We need to ensure that the latest twitteR package is installed on your R environment. Run the following command in R Studio

install.packages (twitteR)
This will download and install the twitteR and all required packages.

Step 2: Setup a Twitter App

We need to create a Twitter App so that we can access the Twitter platform through this web API. Before you can create a Twitter App, you need to create an account first. You can do so on the Twitter Apps page.

Once you are done, you can start by clicking on the Create New App button.

Twitter Application Management landing page
Twitter Application Management landing page

Proceed to enter the required mandatory fields as shown below.

Enter required mandatory fields
Enter required mandatory fields

The Website address can be a temporary one for now. However, ensure that the Callback URL is left blank for now.

Acknowledge the developer agreement and click on the “Create your Twitter application” button. The following page will appear confirming that you have successfully create the web application.

Successfully created a Twitter web application
Successfully created a Twitter web application

Click on the Keys and Access Token tab to view the Consumer Key and Consumer Secret keys.

View keys and access tokens
View keys and access tokens

At this point, you have not created your Access Token yet. Hence click on “Create my access token” button to do so.

Create access token
Create access token

Your access tokens will be generated and displayed on the refreshed page.

Access token generated
Access token generated

Click on the Application Management icon above and you will see your new application created as shown below.

Twitter application successfully created
Twitter application successfully created

Step 3: Create R code to Access Twitter Feeds

Go back to RStudio and enter the following R code:

#install the necessary packages
library(twitteR)

#necessary file for Windows
#download.file(url="http://curl.haxx.se/ca/cacert.pem", destfile="cacert.pem")

#to get your consumerKey and consumerSecret see the twitteR documentation for instructions
consumer_key <- 'your consumer key'
consumer_secret <- 'your consumer secret key'
access_token access_secret <- 'your access secret’

setup_twitter_oauth(consumer_key, consumer_secret, access_token, access_secret)

Note that I have commented out the download.file command since I am running OS X in this example. I have not tested whether adding this download.file(…) code snippet will work.

Once you have entered the above, run the code and you will see the following prompt on the RStudio console

Running R code for twitter integration
Running R code for twitter integration

You can select 1 or 2 depending on your preference. Regardless of the choice, you should see the “>” on the next line on the console indicating that the setup_twitter_oauth command was successfully executed.
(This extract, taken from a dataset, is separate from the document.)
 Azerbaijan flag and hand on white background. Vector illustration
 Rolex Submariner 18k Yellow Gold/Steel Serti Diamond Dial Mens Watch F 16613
Step 4: Extract your Twitter Feed

Once you have completed the above step, enter the following R code.

ltaTwtr <- searchTwitter("LTATrafficNews + Accident", n=500)
length(ltaTwtr)

#make data frame
tmpDf <- do.call("rbind", lapply(ltaTwtr, as.data.frame))

The command searchTwitter will issue a search of Twitter based on a supplied search string – based on your subscribed twitter feeds. Because the return value of searchTwitter is a list, we would need to do.call(“rbind”…) function to convert it into a data frame for subsequent processing.

Data from twitter feed based on search string
Data from twitter feed based on search string

The above table is an example of the twitter messages that match my search criterion.

That’s it!

You can download my sample code on Github for those who want the code directly.

I hope this short how-to has help with your data science tasks! Happy coding!